In its way, Dr. Kegel's discovery was momentous.  Your own discovery of the dime was provocative of a revisit to the times before the fullness of puberty was all over you, like a hand-me-down suit, before you realized you would, with proper patience, grow into it.

Discovery in story often leads to dramatic change, filled with the potential for motive.  Discovery ranges from finding coins in parking lots or behind cushions of sofas to the awareness of information about the planet you live on, its many features, the persons who have lived on it, entire species of non-human entities who have passed into extinction, and of course the flora and fauna.

The act of reading is in its way a departure on a journey where in a worst-case scenario, you can discover your irritation at the tone of the narrative voice, the predictability of the story, and your utter lack of concern for the outcome.  You are also a potential passenger to one or more discoveries that will send you into a near manic binge of research and subsequent synthesis, ingesting and changing your personality around facts and the discoveries these facts nudge you toward.
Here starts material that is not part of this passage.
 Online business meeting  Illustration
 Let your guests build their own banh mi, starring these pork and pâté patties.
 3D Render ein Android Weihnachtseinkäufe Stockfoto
Your favorite among the many potential ways of discovery is the kinds of discovery you encounter when you are in a composing mode.  You cannot tell if these discoveries have made you a better person.  Perhaps that is a judgment of which you can never be capable.  You do know for a certainty that discoveries from writing have made you in various combinations and singularities, grouchier, sadder, optimistic, enthusiastic, stunned, and a word you do not use often enough, flabbergasted.

Some time back, you made the discovery that composition was more apt to satisfy you if you kept at it until you discovered from the act of doing it a connection or series of facts you'd not been aware of before. This discovery seemed to you at the time to ratify your sense of enjoying composition sessions in which you led yourself to a discovery.

The only way you could do that, in fiction and essay, is working yourself to the edge, then taking that one step where you could no longer be sure if your foot would come down on anything at all.